== Try it ==
What is needed is the exact text of each line in the listing below from the one with "Confezione Da 12" up to and including the one with "Women's Prim Pump", and no pictures.
Supplied records START
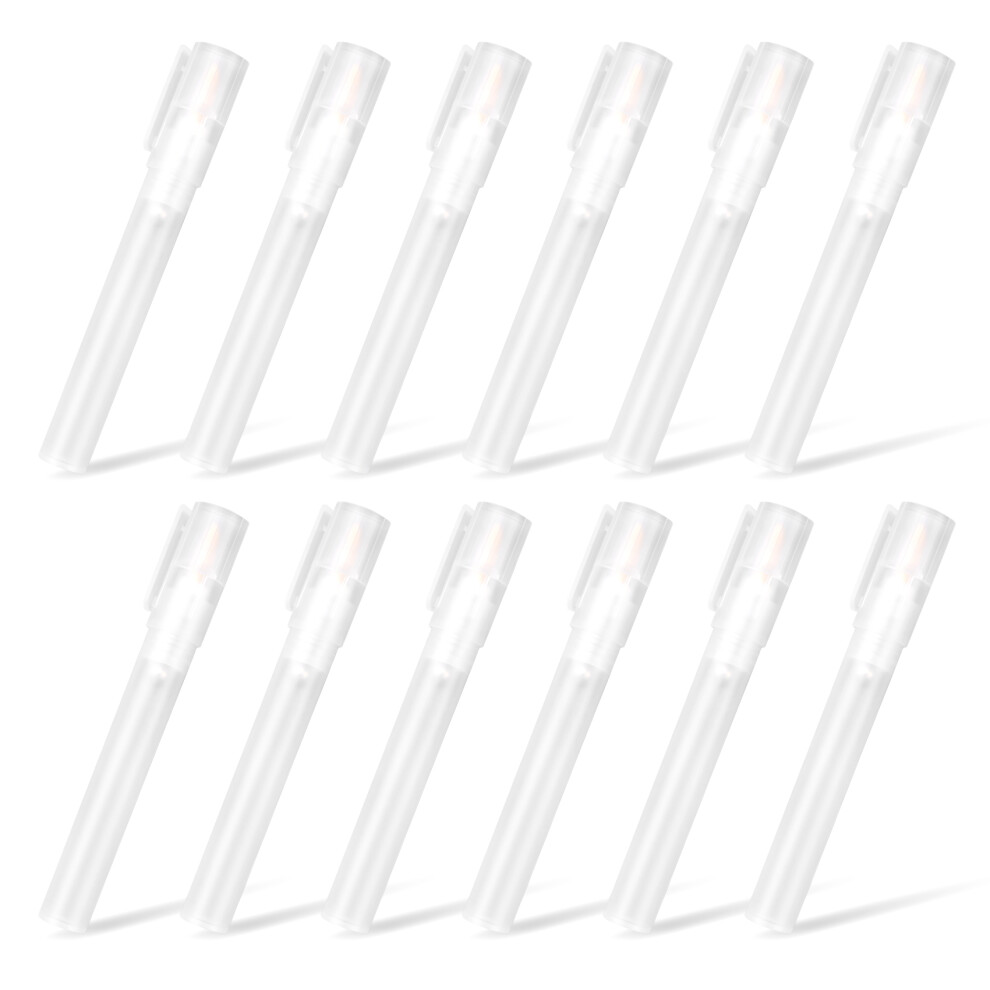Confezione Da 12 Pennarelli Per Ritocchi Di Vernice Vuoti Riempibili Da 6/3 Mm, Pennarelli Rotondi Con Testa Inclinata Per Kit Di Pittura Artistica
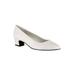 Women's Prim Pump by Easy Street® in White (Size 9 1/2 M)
Supplied records END
Supplied records START
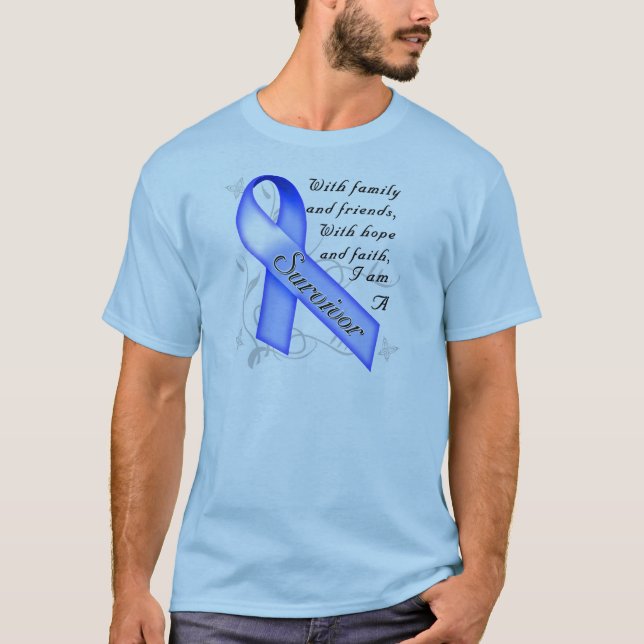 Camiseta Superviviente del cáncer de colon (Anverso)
Supplied records END
Supplied records START
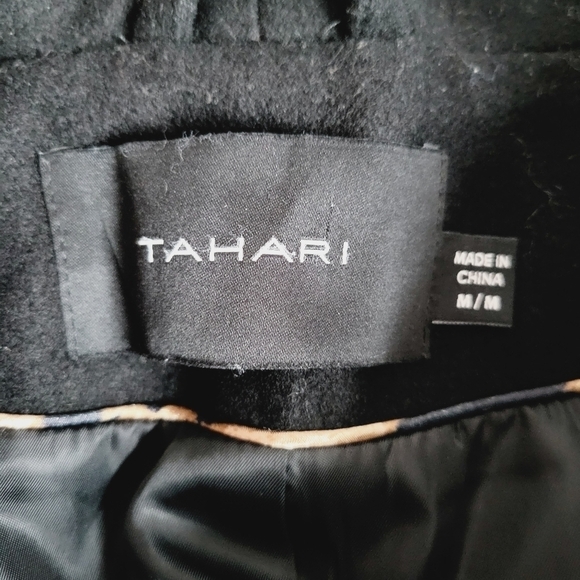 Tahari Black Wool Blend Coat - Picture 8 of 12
Supplied records END
== Final answer ==
Confezione Da 12 Pennarelli Per Ritocchi Di Vernice Vuoti Riempibili Da 6/3 Mm, Pennarelli Rotondi Con Testa Inclinata Per Kit Di Pittura Artistica
 Women's Prim Pump by Easy Street® in White (Size 9 1/2 M)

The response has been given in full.